• **Exercise directions**
Nothing but a verbatim copy of the data, minus the images, should be returned.
-------- Stored data
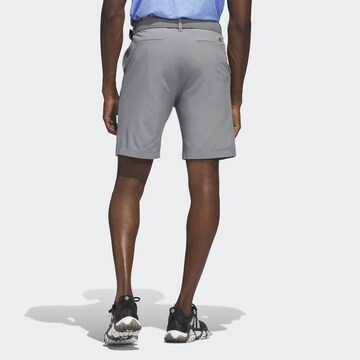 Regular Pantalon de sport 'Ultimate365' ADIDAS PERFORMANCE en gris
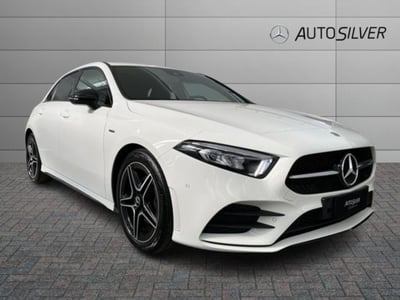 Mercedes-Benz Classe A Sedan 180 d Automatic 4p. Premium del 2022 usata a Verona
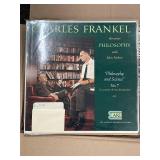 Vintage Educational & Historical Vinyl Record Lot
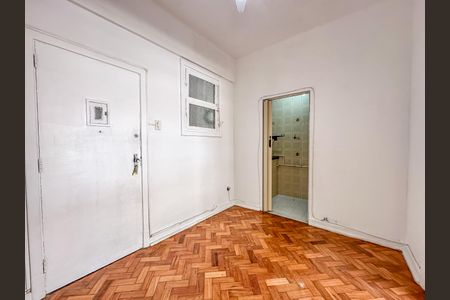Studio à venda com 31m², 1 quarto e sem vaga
----------------
• **Response for this exercise**
 Regular Pantalon de sport 'Ultimate365' ADIDAS PERFORMANCE en gris
 Mercedes-Benz Classe A Sedan 180 d Automatic 4p. Premium del 2022 usata a Verona
 Vintage Educational & Historical Vinyl Record Lot
Studio à venda com 31m², 1 quarto e sem vaga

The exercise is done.